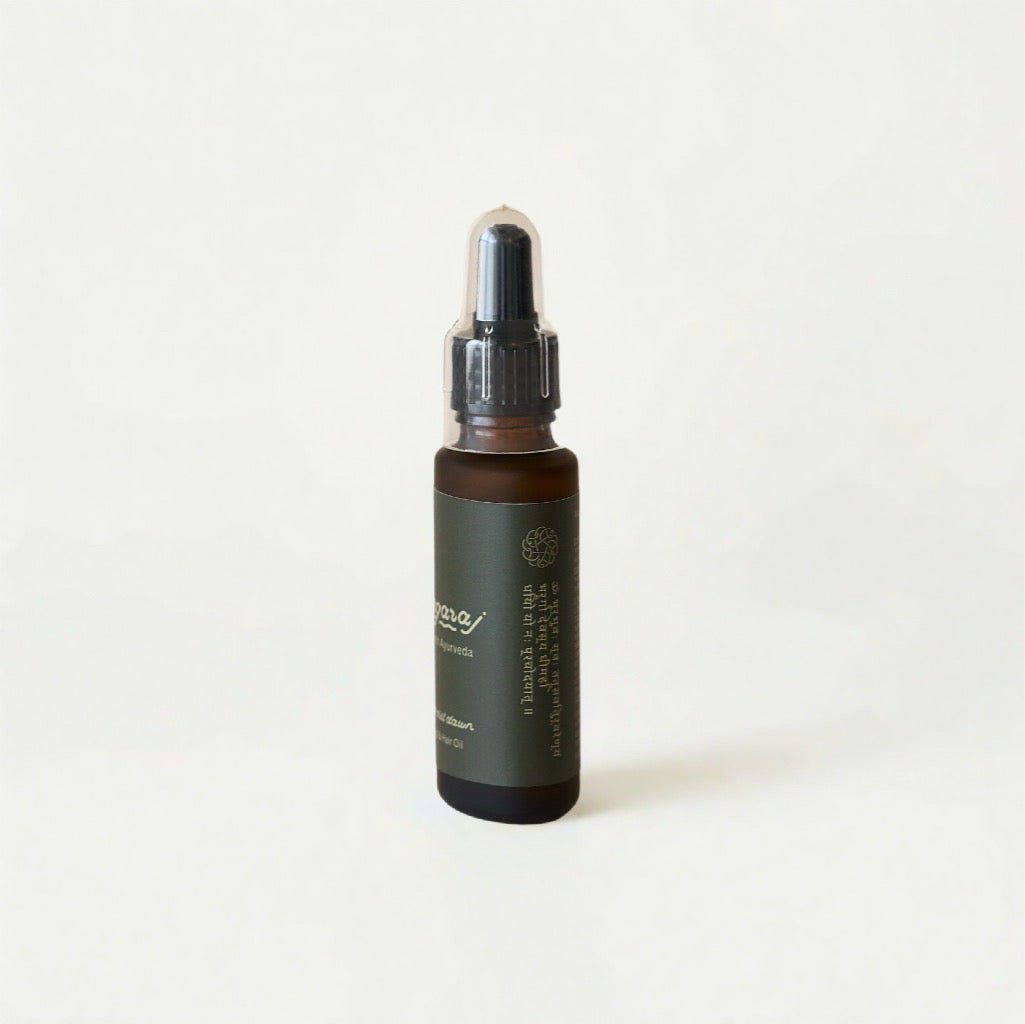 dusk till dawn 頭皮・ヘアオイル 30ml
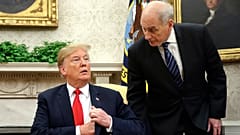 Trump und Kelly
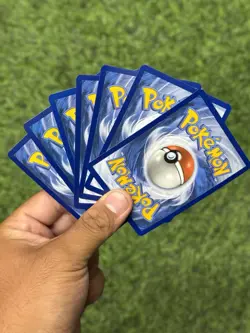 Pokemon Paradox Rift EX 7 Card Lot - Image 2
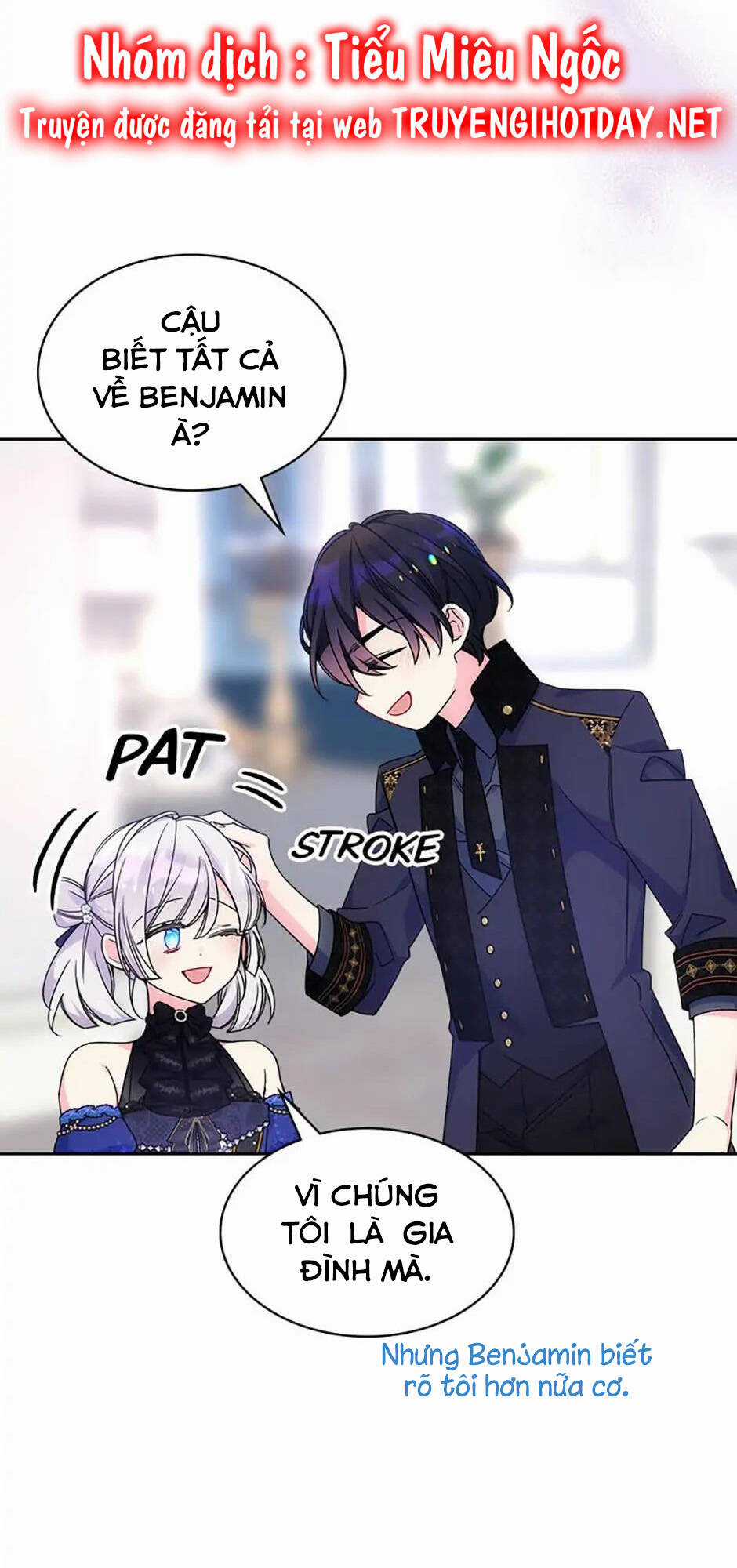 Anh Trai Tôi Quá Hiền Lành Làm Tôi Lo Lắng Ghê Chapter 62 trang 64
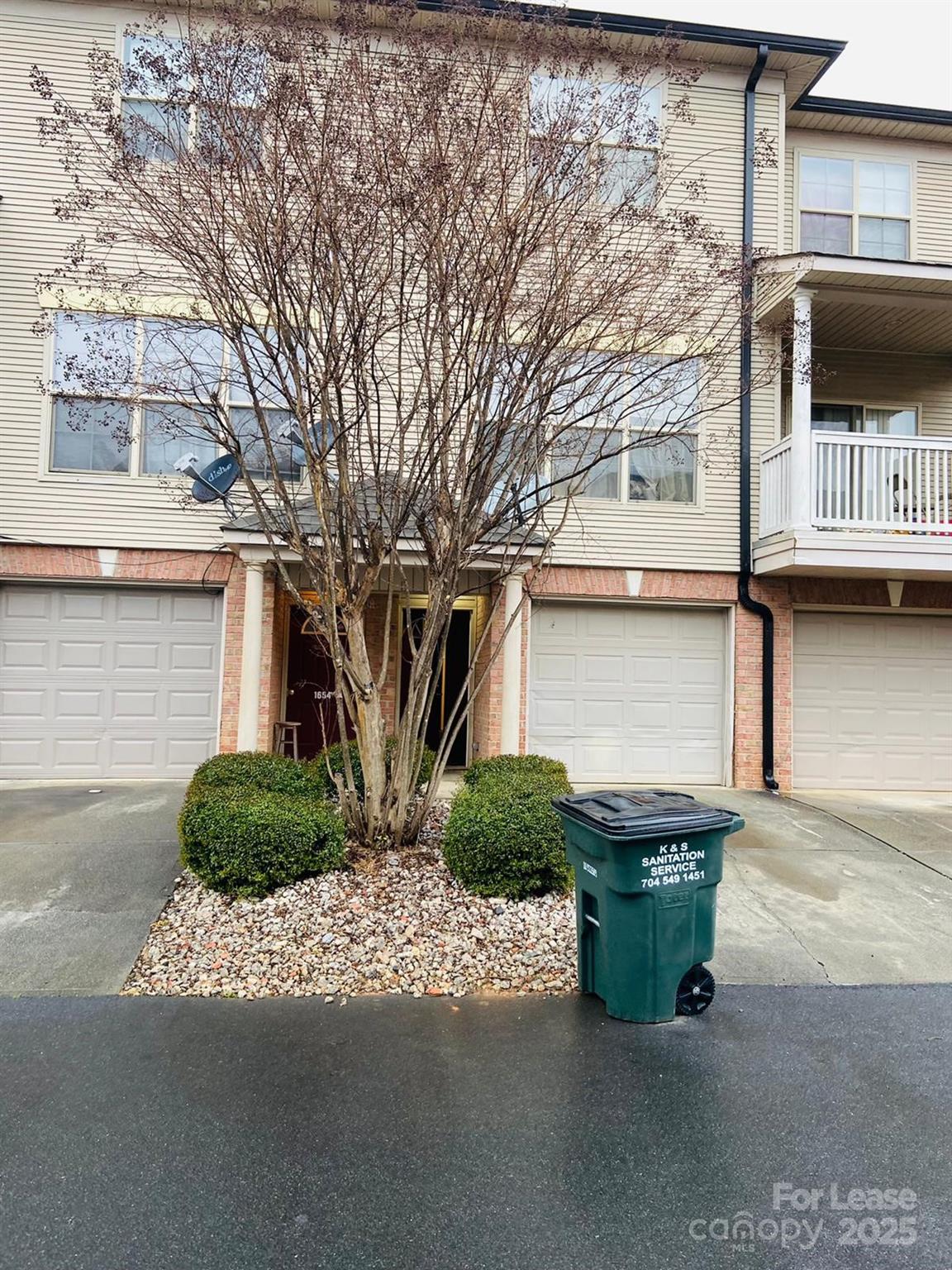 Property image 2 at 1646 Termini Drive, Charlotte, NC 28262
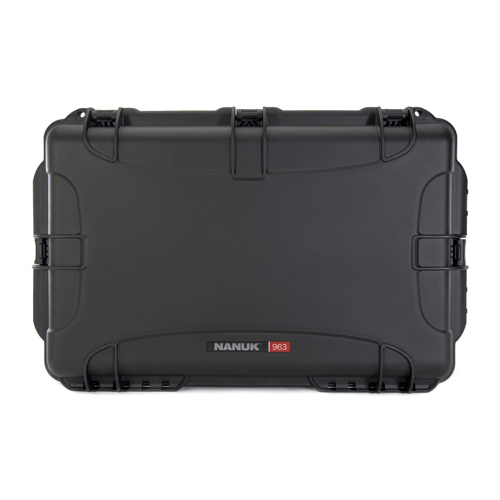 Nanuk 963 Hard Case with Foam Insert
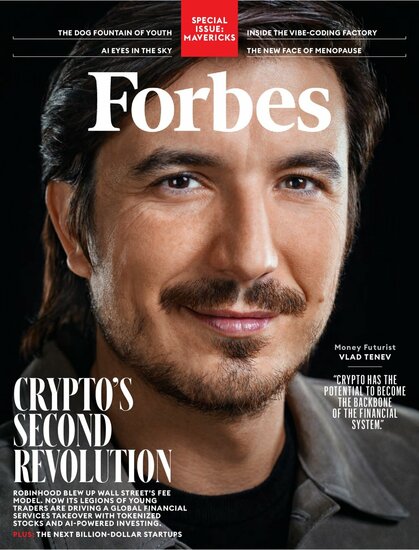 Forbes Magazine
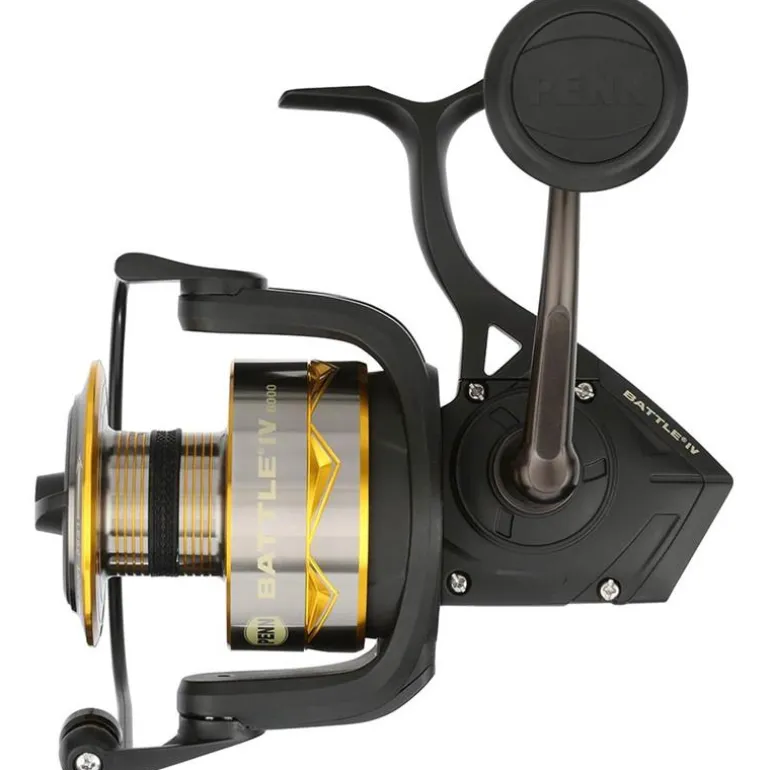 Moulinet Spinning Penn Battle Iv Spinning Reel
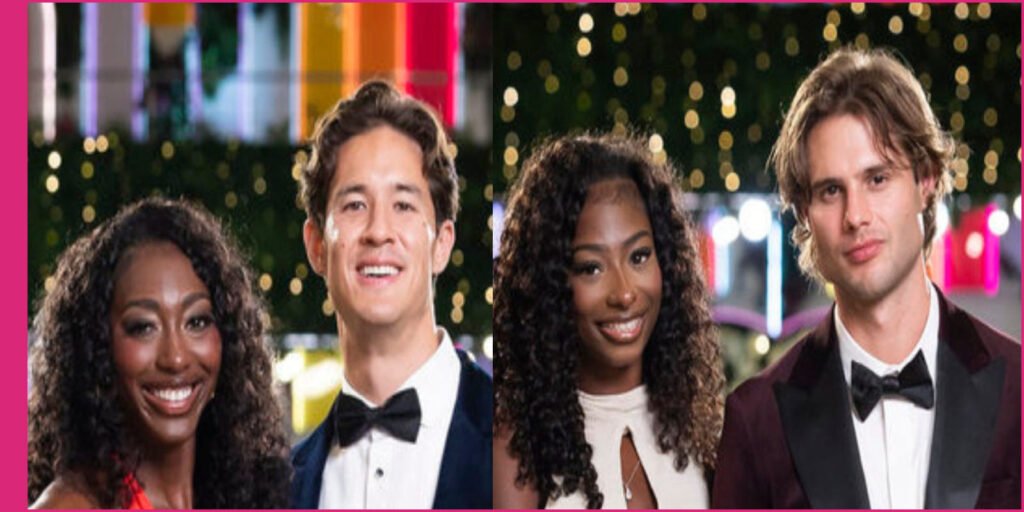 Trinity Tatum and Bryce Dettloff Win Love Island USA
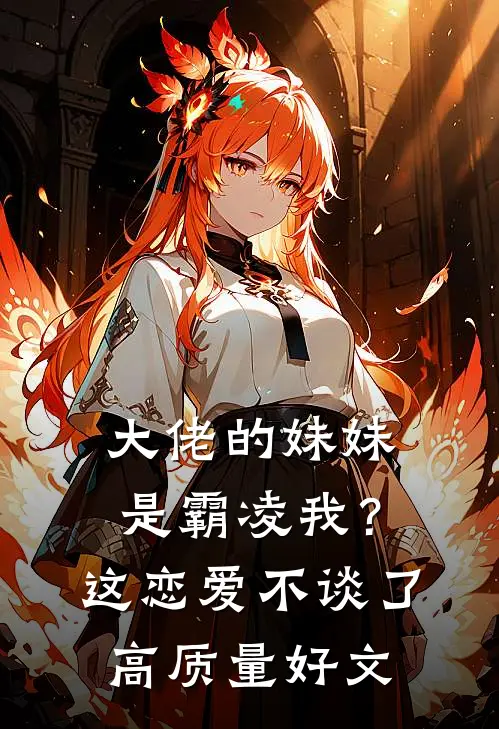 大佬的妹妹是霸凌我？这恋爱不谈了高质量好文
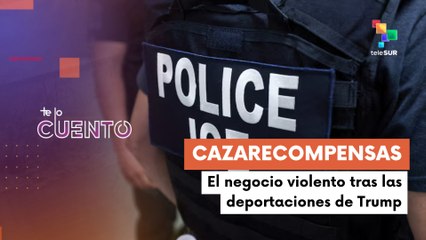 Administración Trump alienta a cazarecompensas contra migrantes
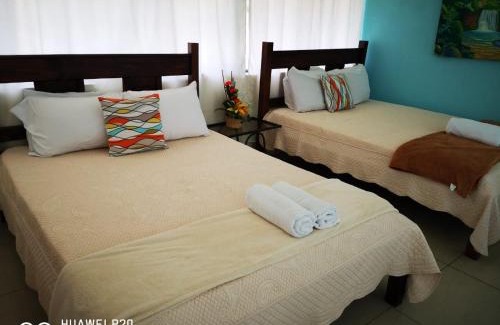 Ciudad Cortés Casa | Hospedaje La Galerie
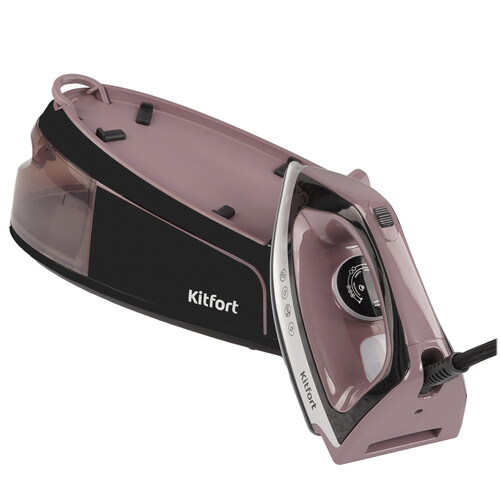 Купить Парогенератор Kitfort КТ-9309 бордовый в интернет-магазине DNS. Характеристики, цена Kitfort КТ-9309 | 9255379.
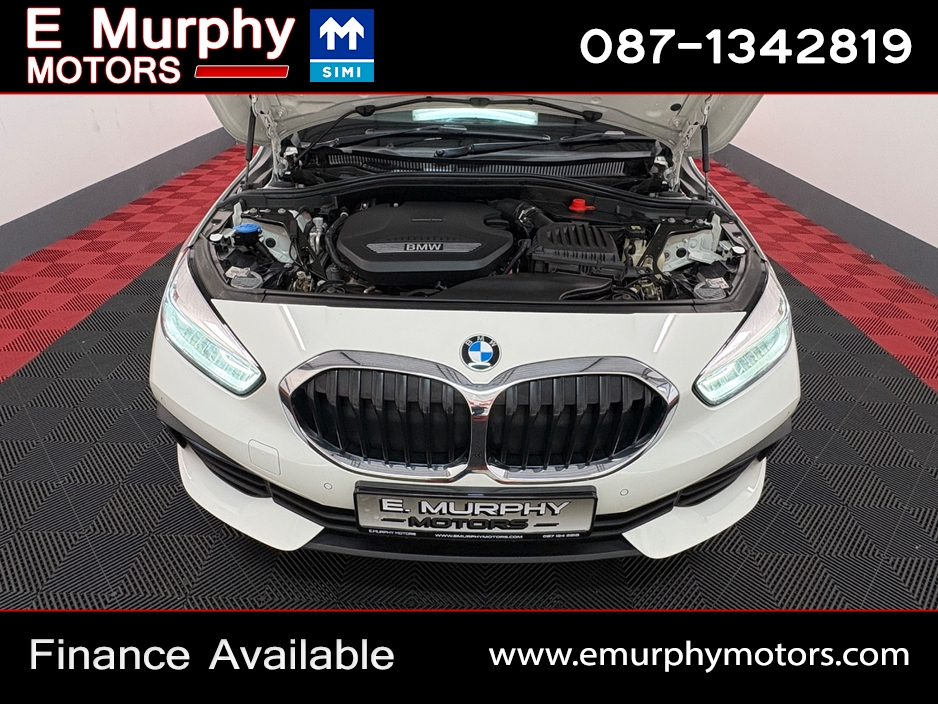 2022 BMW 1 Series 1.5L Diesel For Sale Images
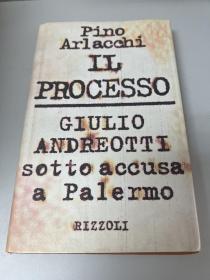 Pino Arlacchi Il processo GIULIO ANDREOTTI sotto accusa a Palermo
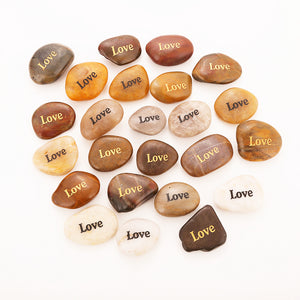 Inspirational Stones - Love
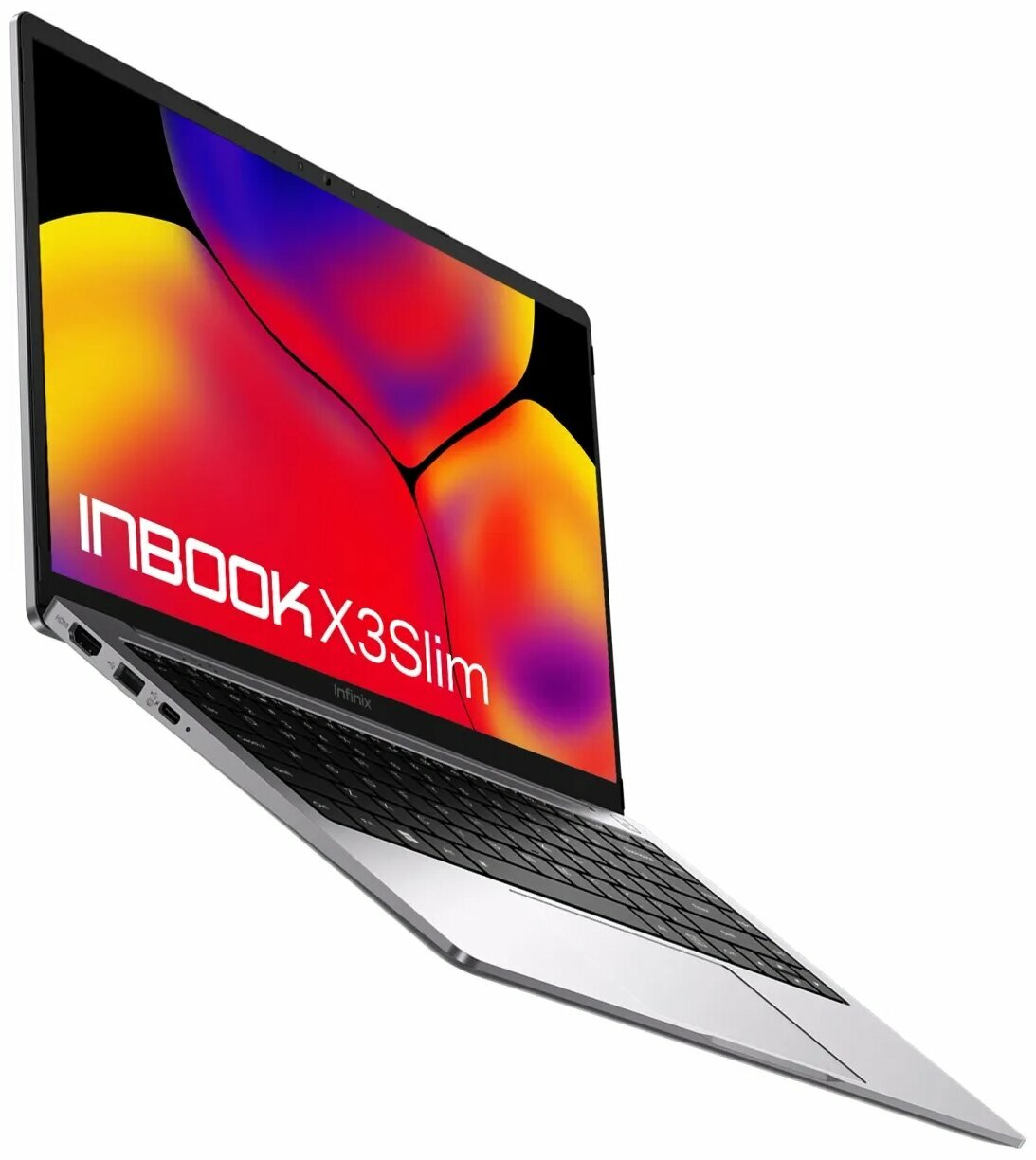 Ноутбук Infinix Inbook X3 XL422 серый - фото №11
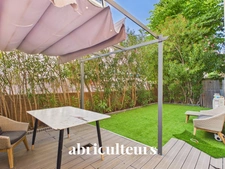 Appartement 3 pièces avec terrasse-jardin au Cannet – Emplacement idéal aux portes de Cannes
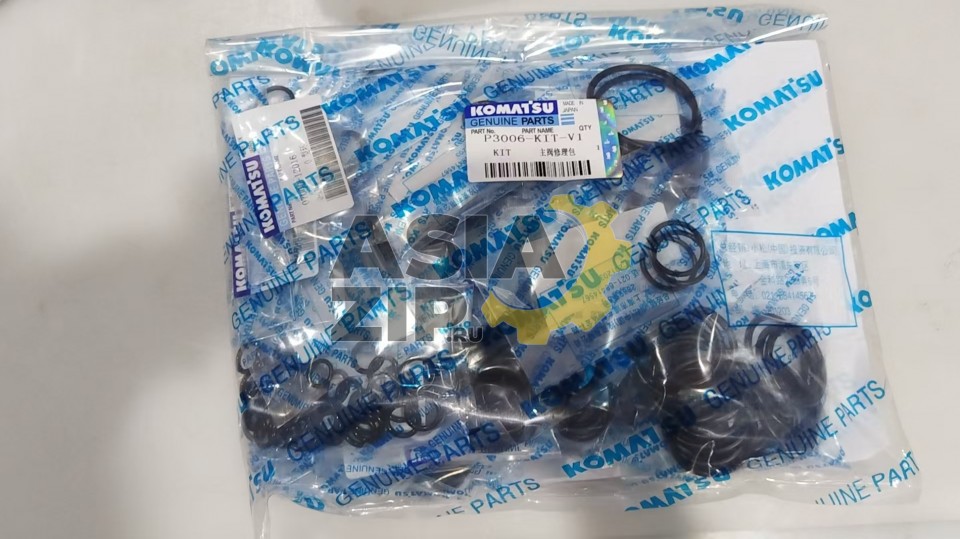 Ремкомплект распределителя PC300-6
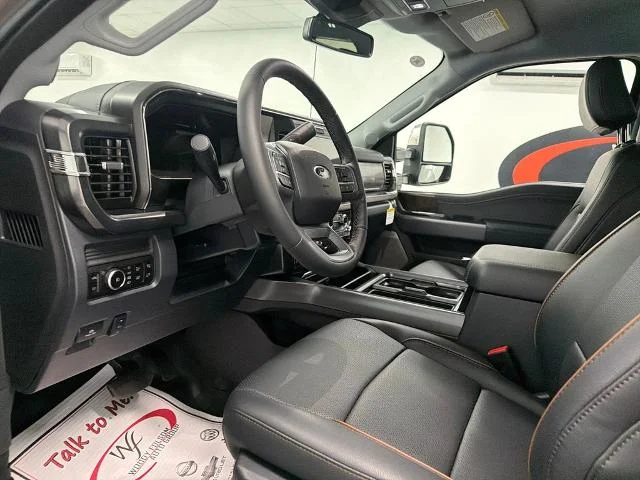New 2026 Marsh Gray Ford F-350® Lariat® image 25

****************************************

» What you need to do:
Your answer must be the lines from the one containing "Trinity Tatum and" through the last line of the records, printed exactly with no pictures; please include both ends.

» Expected answer:
 Trinity Tatum and Bryce Dettloff Win Love Island USA
 大佬的妹妹是霸凌我？这恋爱不谈了高质量好文
 Administración Trump alienta a cazarecompensas contra migrantes
 Ciudad Cortés Casa | Hospedaje La Galerie
 Купить Парогенератор Kitfort КТ-9309 бордовый в интернет-магазине DNS. Характеристики, цена Kitfort КТ-9309 | 9255379.
 2022 BMW 1 Series 1.5L Diesel For Sale Images
 Pino Arlacchi Il processo GIULIO ANDREOTTI sotto accusa a Palermo
 Inspirational Stones - Love
 Ноутбук Infinix Inbook X3 XL422 серый - фото №11
 Appartement 3 pièces avec terrasse-jardin au Cannet – Emplacement idéal aux portes de Cannes
 Ремкомплект распределителя PC300-6
New 2026 Marsh Gray Ford F-350® Lariat® image 25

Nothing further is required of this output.